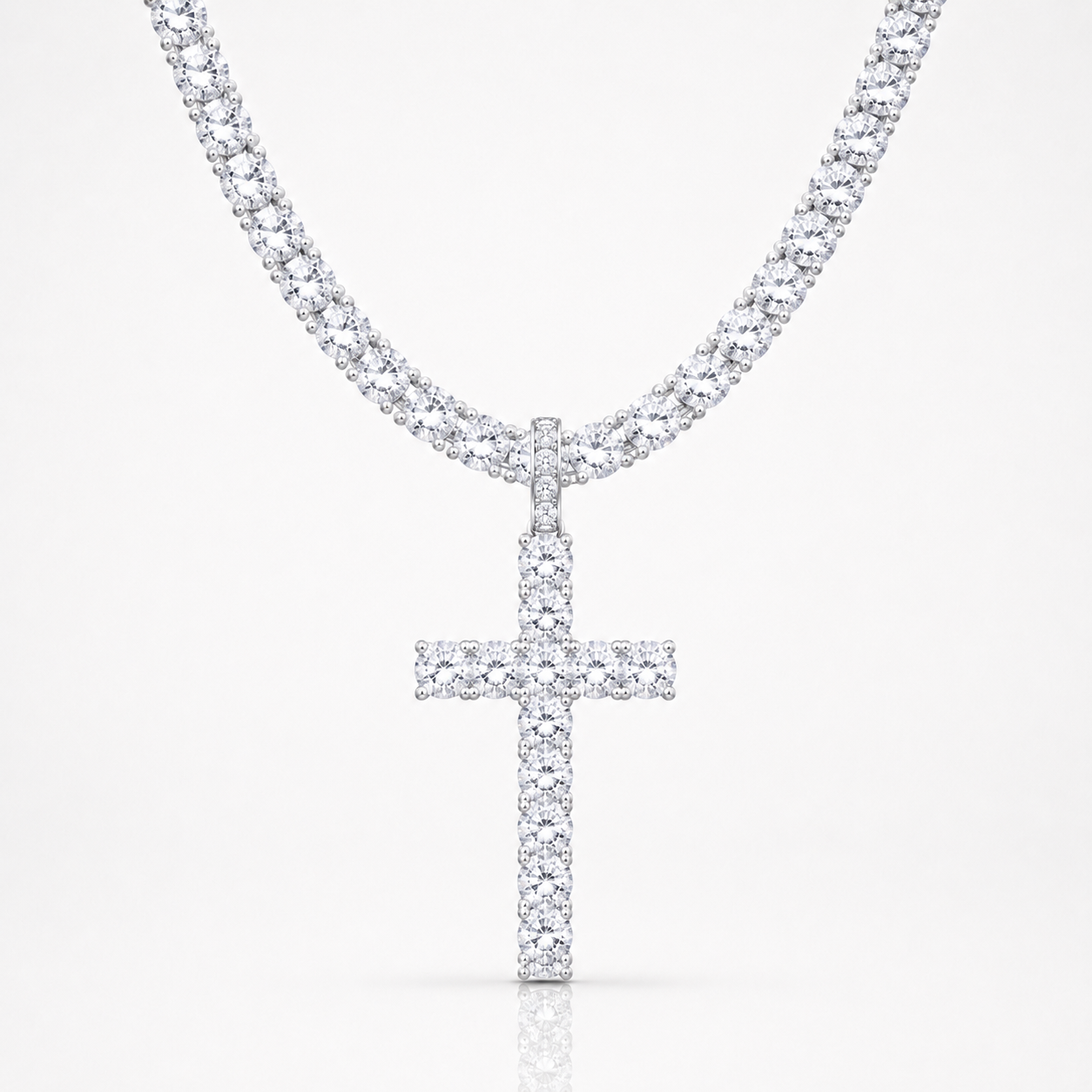 Iced Tennis Cross Chain – Ouro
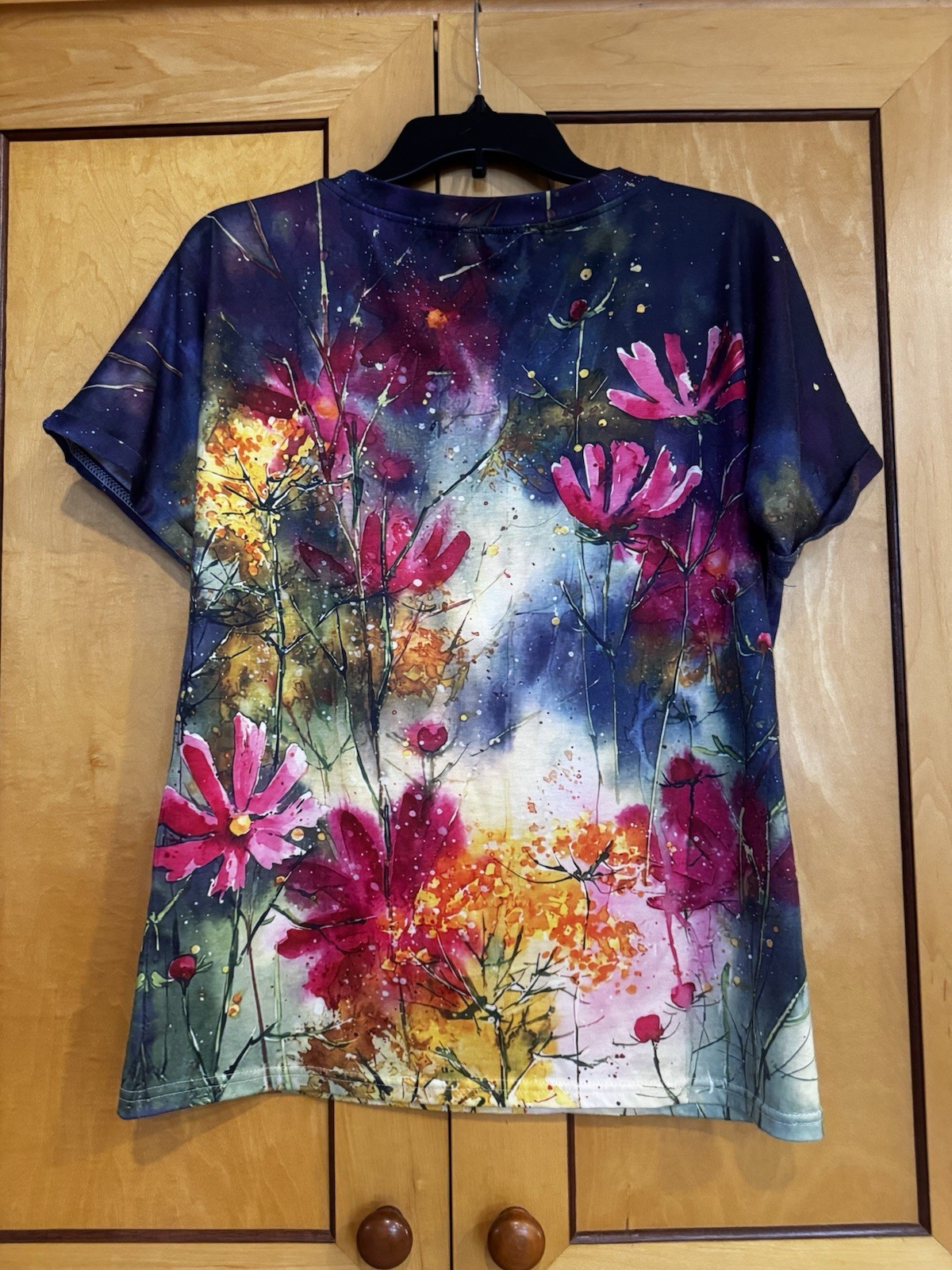 Camisa Women’s Multicolor Floral Print Round Neck Short Sleeve T-Shirt Size W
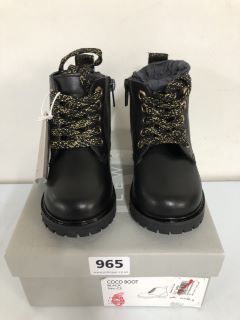 JOHN LEWIS CHILDREN'S COCO BLACK BOOTS - SIZE C5 (605000)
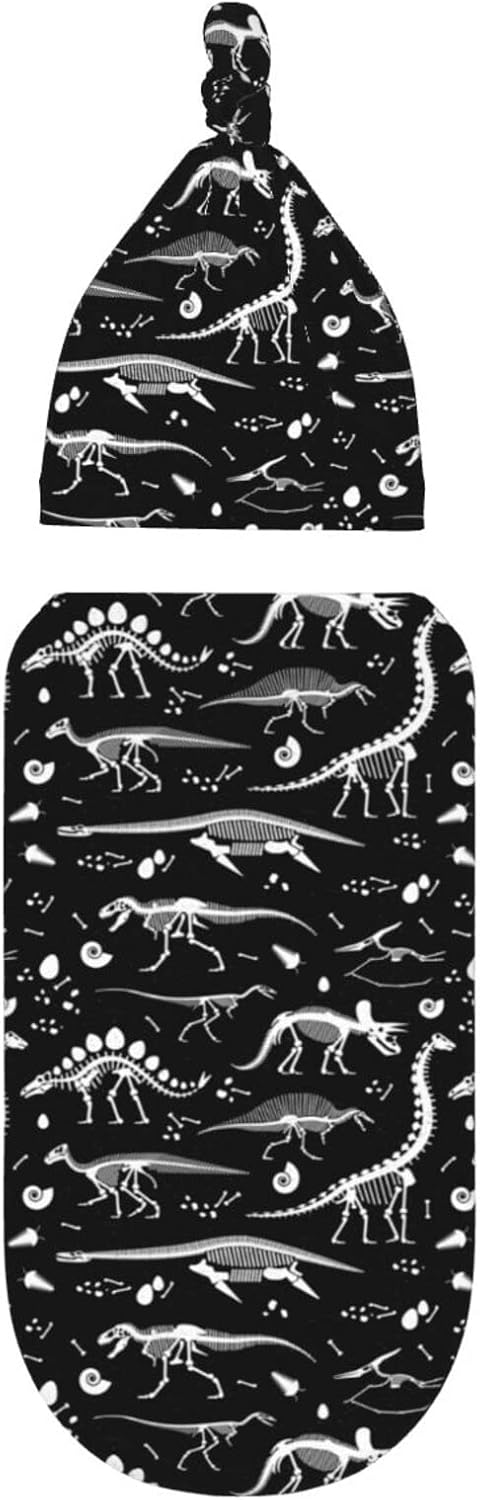 Baby Newborn Swaddle Blanket with Beanie Hat - Black and White Dinosaur Skeleton Pattern Sleep Sack for Infant Gifts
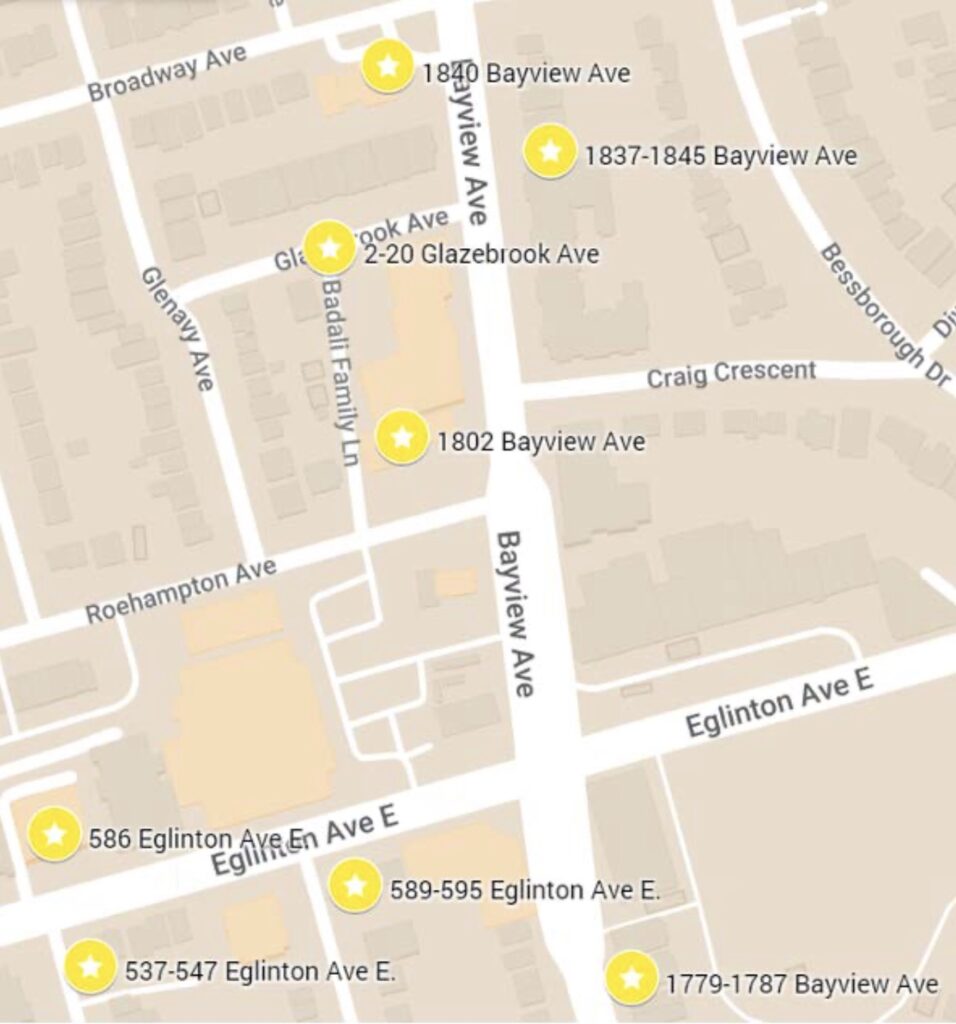 Map showing development at Bayview and Eglinton as of August 2023.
+ + +
→ Assignment
Reproduce every entry above in full and exactly, though not its pictures.

→ Exercise answer
 Iced Tennis Cross Chain – Ouro
 Camisa Women’s Multicolor Floral Print Round Neck Short Sleeve T-Shirt Size W
 JOHN LEWIS CHILDREN'S COCO BLACK BOOTS - SIZE C5 (605000)
 Baby Newborn Swaddle Blanket with Beanie Hat - Black and White Dinosaur Skeleton Pattern Sleep Sack for Infant Gifts
 Map showing development at Bayview and Eglinton as of August 2023.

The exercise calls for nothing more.